RELATED: Report: Liz Cheney’s Leadership Role ‘Imperiled’ As Criticism From GOP Colleagues Mounts

Jim Banks Auditioning For The Role?

Contrary to Axios’ reporting that Republican members “recognize Cheney can’t be succeeded by a white man,” Politico is indicating that Jim Banks (R-IN), chair of the Republican Study Committee, has been serving as “shadow chair of the House GOP Conference.”

“Banks’ effort to assemble a rival messaging machine is widely viewed by his colleagues as an audition for Cheney’s job,” they write.

Trump weighed in on the controversy himself on Monday, blasting Cheney as a “warmonger.”

“Heartwarming to read new polls on big-shot warmonger Liz Cheney of the great State of Wyoming,” Trump said in a statement. “She is so low that her only chance would be if vast numbers of people run against her which, hopefully, won’t happen.”

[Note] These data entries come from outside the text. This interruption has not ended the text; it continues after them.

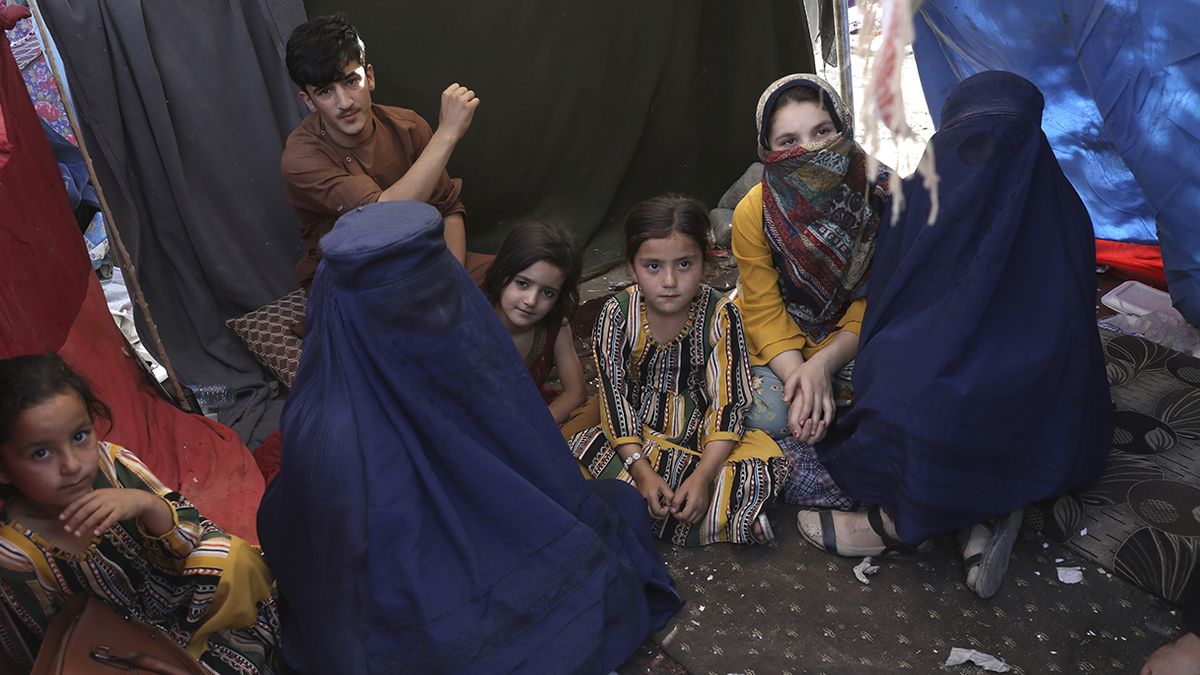 En esta fotografía del 13 de agosto de 2021, una profesora desplazada (izquierda), quien porta una burka y se identificó con su nombre Nilofar, habla con The Associated Press durante una entrevista en el interior de su tienda de campaña en un parque público de Kabul, Afganistán. (AP Foto/Rahmat Gul, Archivo)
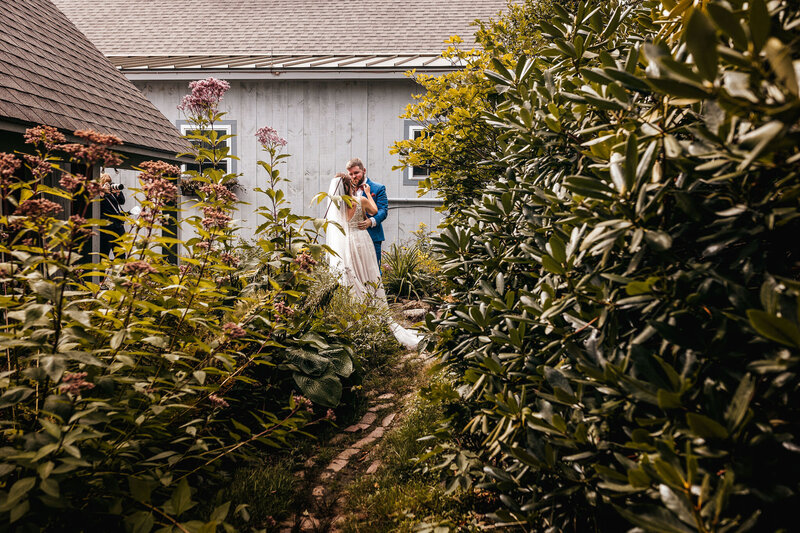 Couple looking at each other during a first look at cobb hill estate by NH wedding photographer Lisa Smith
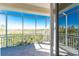 Enjoy the outdoor views from this spacious lanai with screening and tiled flooring at 10300 Tarpon Landings Ter # 4, Placida, FL 33946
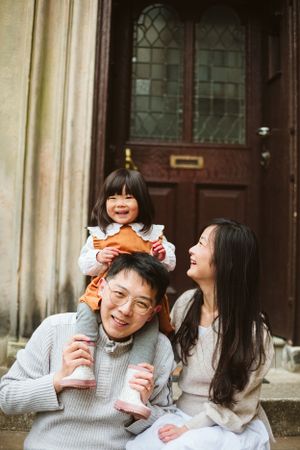 A joyful family moment captured on stone steps with a child sitting on parent's shoulders.
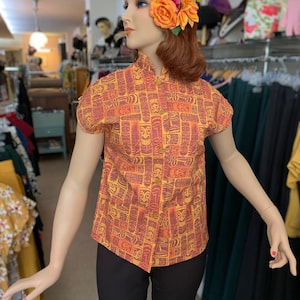 May include: A short-sleeved, orange and brown patterned shirt with a mandarin collar and button fastening. The shirt features a tiki-inspired design with images of faces and geometric patterns.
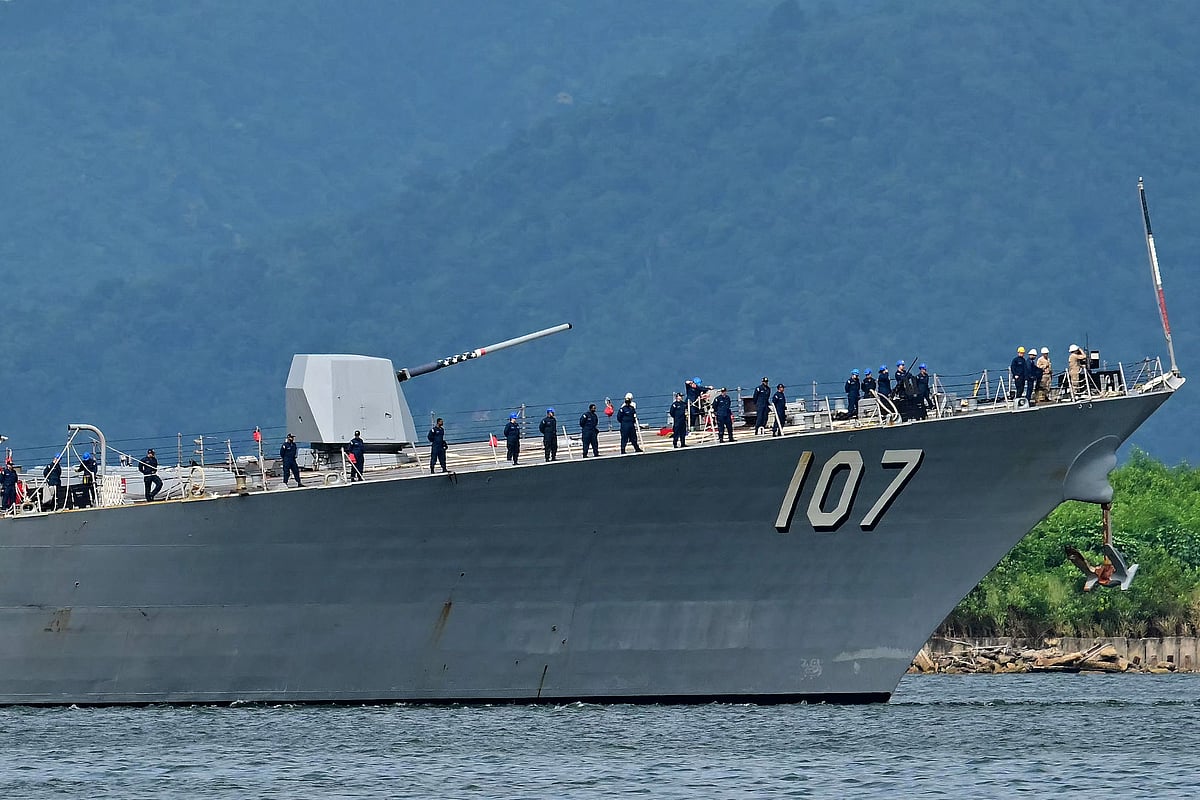 Crew of the USS Gravely warship stand on the bow of the vessel as it enters the port of Port of Spain on 26 October 2025. The US warship will visit Trinidad and Tobago for joint exercises near the coast of Venezuela amid Washington's campaign against alleged drug traffickers in the region.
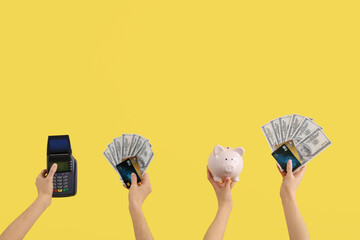 Women with credit cards, payment terminal, dollar banknotes and piggy bank on yellow background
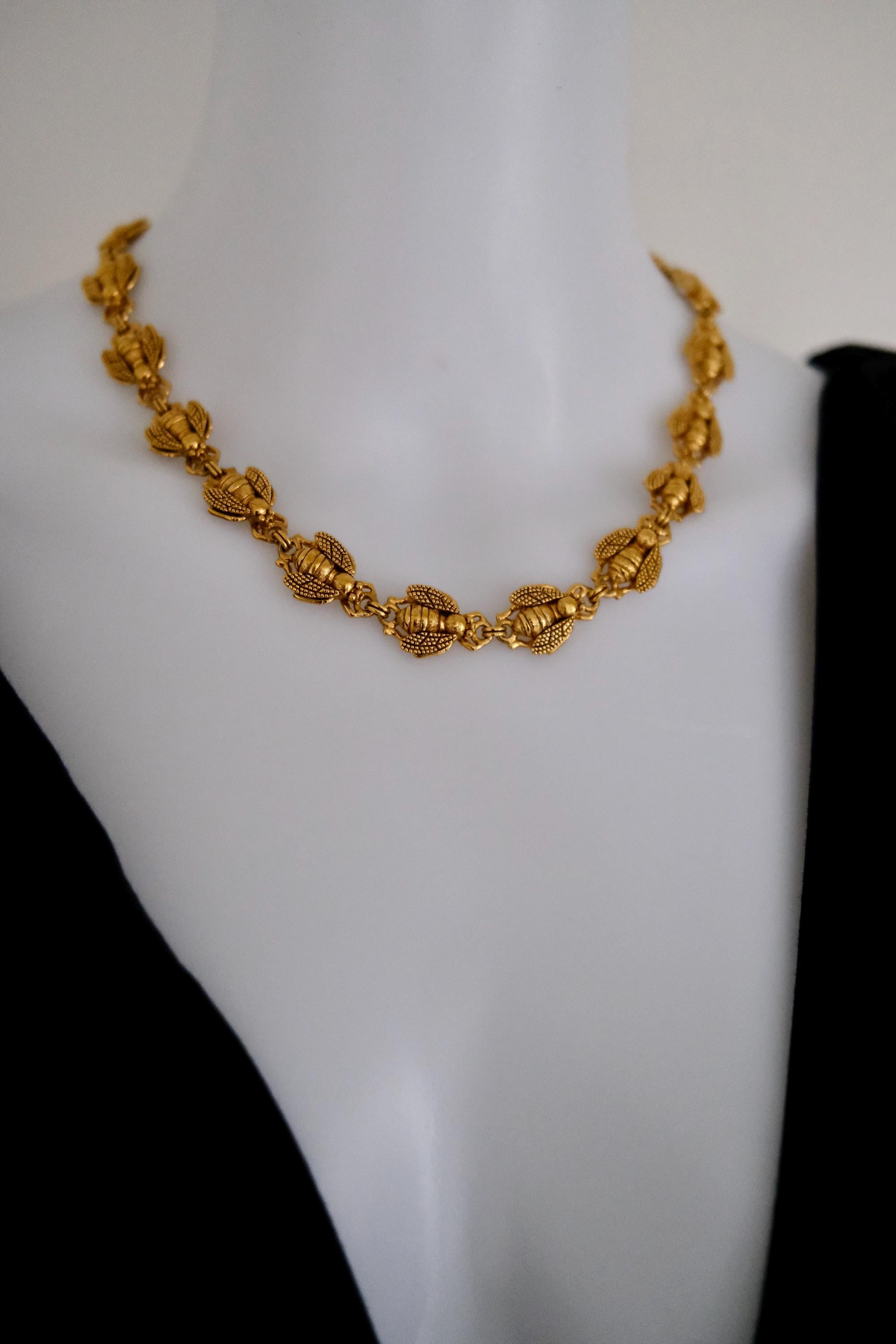 Vintage Christian Dior gold-tone necklace featuring 19 sculptural bee motifs, signed Dior Germany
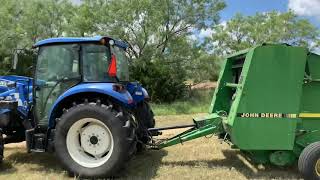 Powerstar 75 amp JD 335 round baler [upl. by Kinemod]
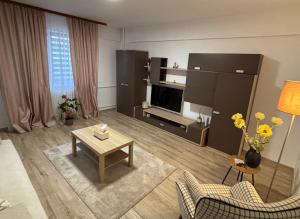 a living room with a couch and a table at Sunny Apartment in Constanţa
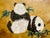 This is a beautiful painting on cork featuring: • Subject: The painting depicts two pandas sitting amidst a bamboo grove....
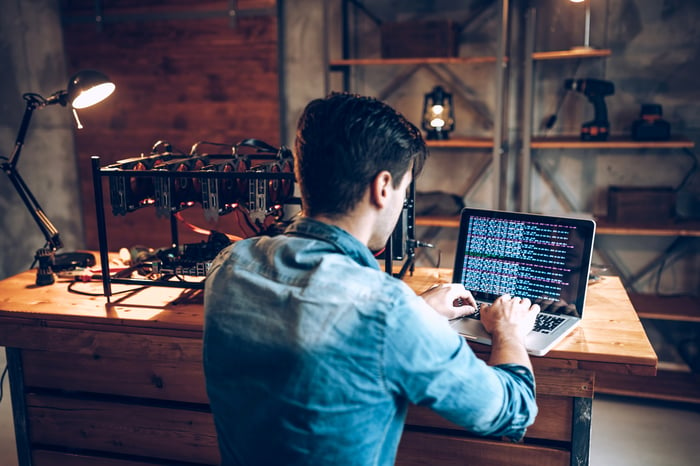 A person programs code into a computer with cryptocurrency mining equipment attached.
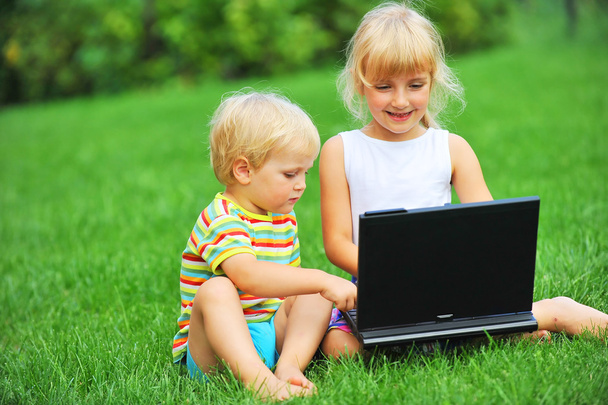 Girl and brother with laptop - Φωτογραφία, εικόνα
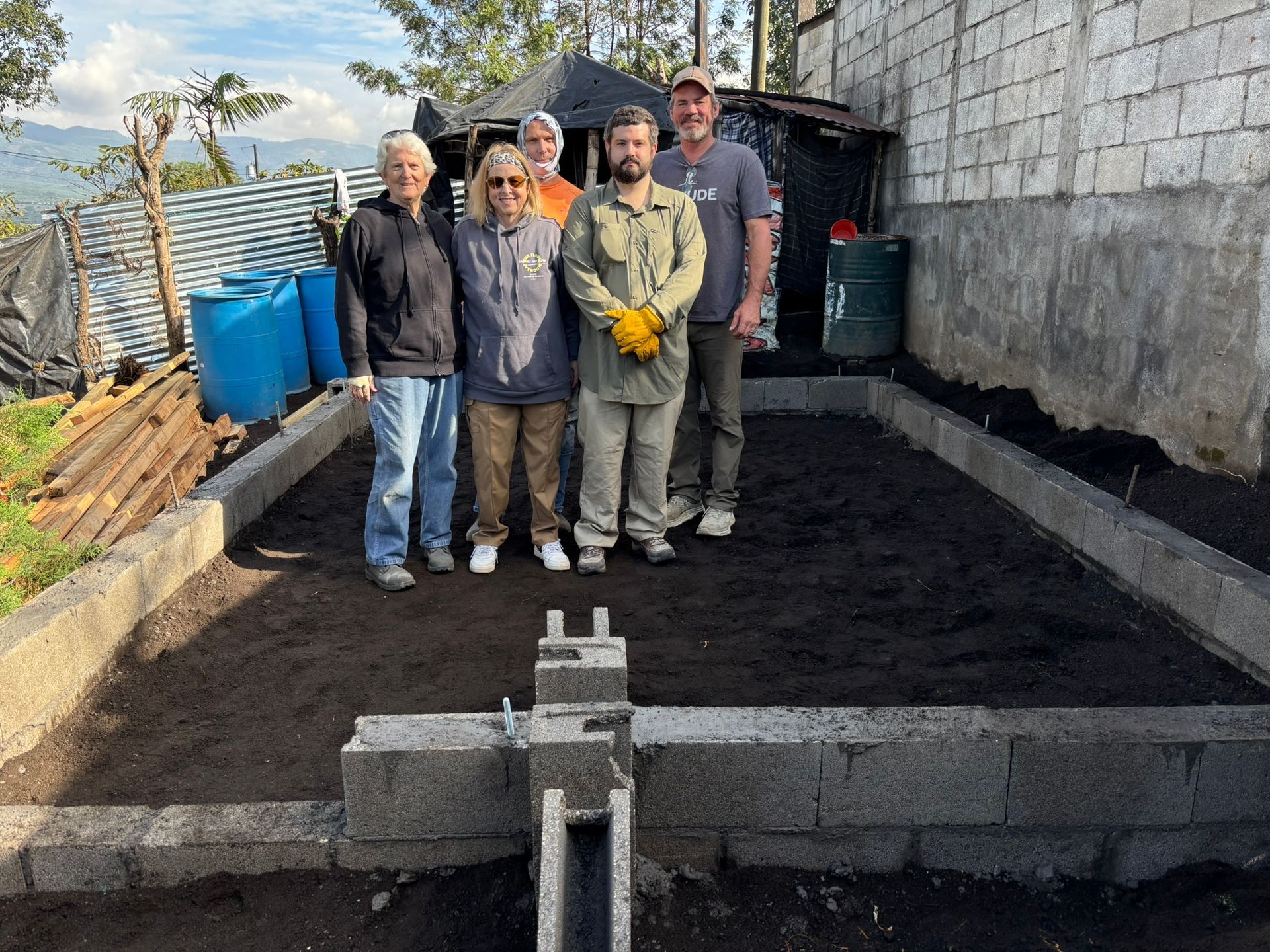 A group of people are standing in front of a brick wall.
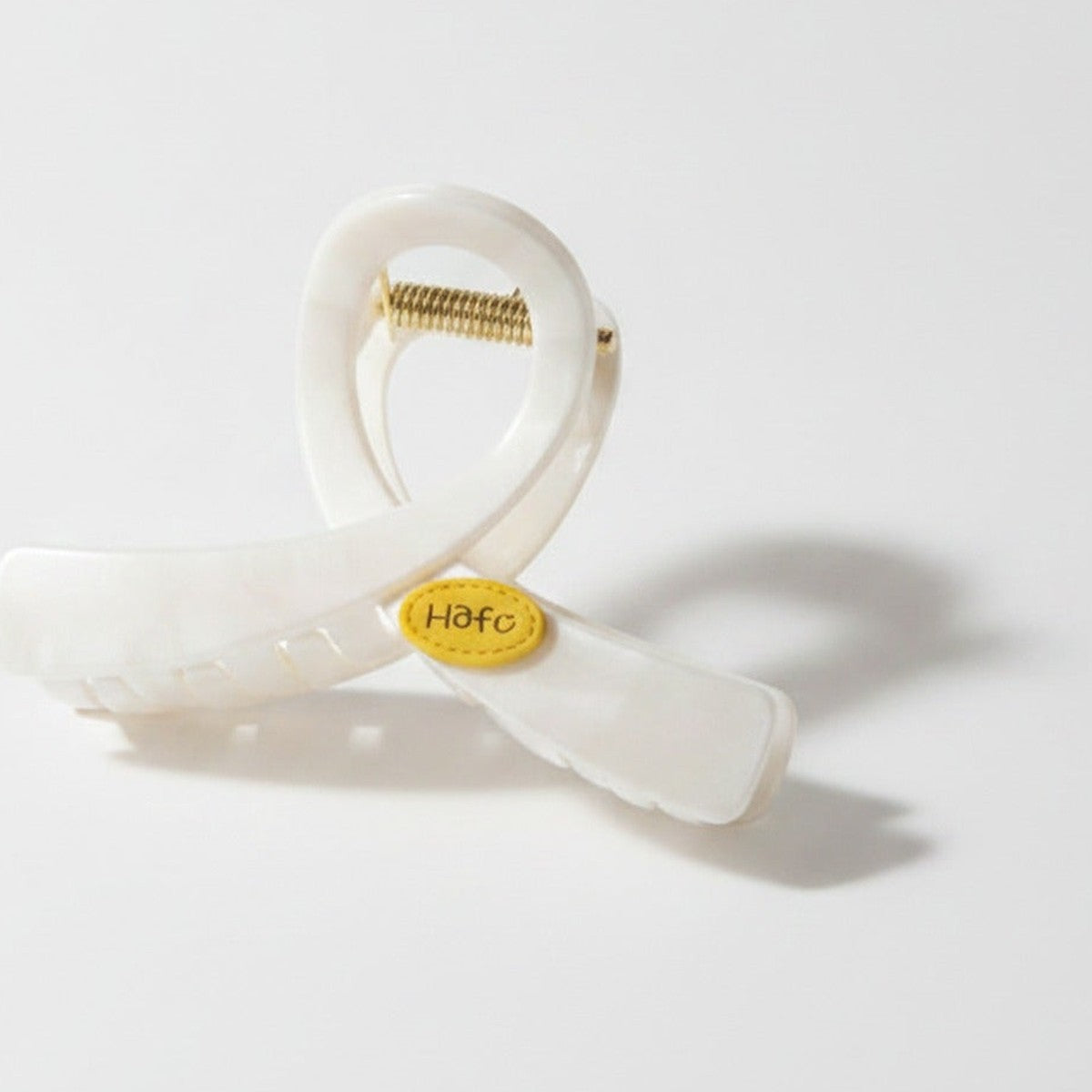 Cream Pearl Hair Claw With Gold Charm – hair accessories (view 1)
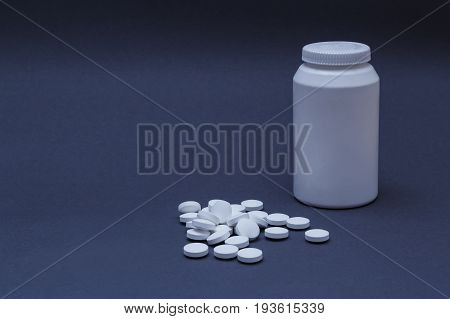 White pills medicine and plastic bottle behind on dark gradient background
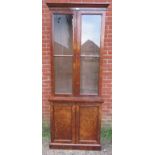A Victorian burr walnut tall display bookcase, the glazed doors opening onto four height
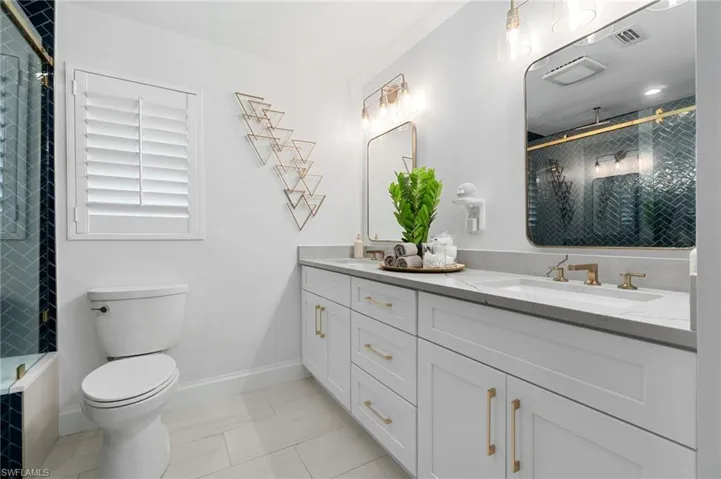 Owner’s Bathroom with double sink custom shaker vanity w/quartz top, tile patterned floors, and  with a frameless glass enclosed shower.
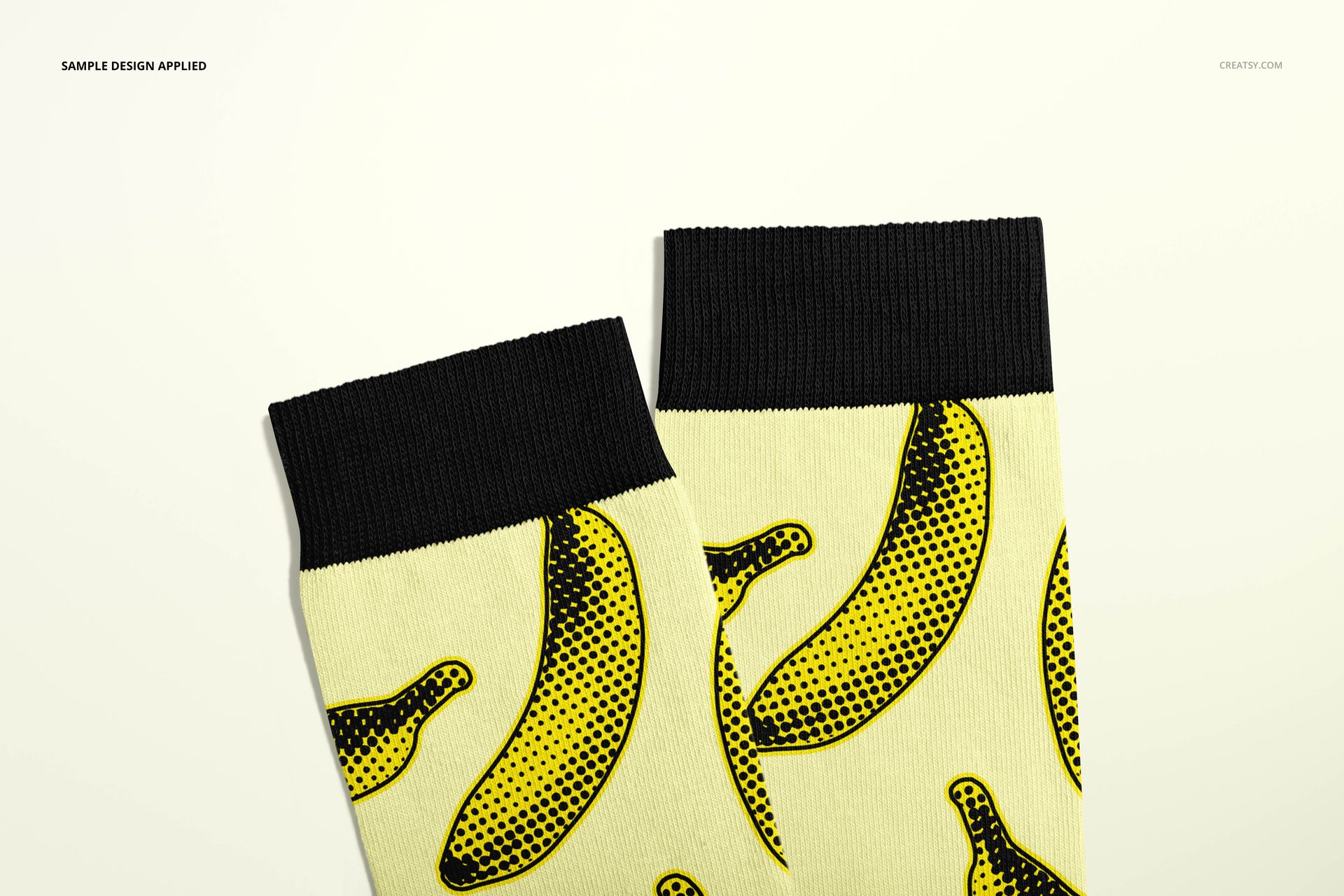 Medium cuff socks mockup featuring a repeating yellow banana print and solid black cuffs, shown from above.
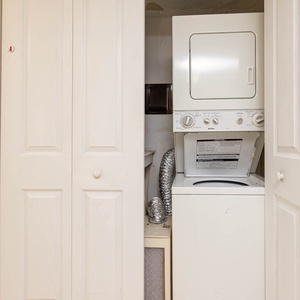 This laundry area features a stacked washer and dryer behind closed doors, maximizing space for your convenience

McCarthy (R-CA), who publicly backed Cheney remaining in leadership just two months ago, refused to endorse her as a “good fit” for party leadership.

He is now mentioning rank-and-file concerns about “her ability to carry out her job.”

“I have heard from members concerned about her ability to carry out her job as conference chair, to carry out the message,” said McCarthy.

“We all need to be working as one if we’re able to win the majority,” he added. “Remember, majorities are not given. They are earned.”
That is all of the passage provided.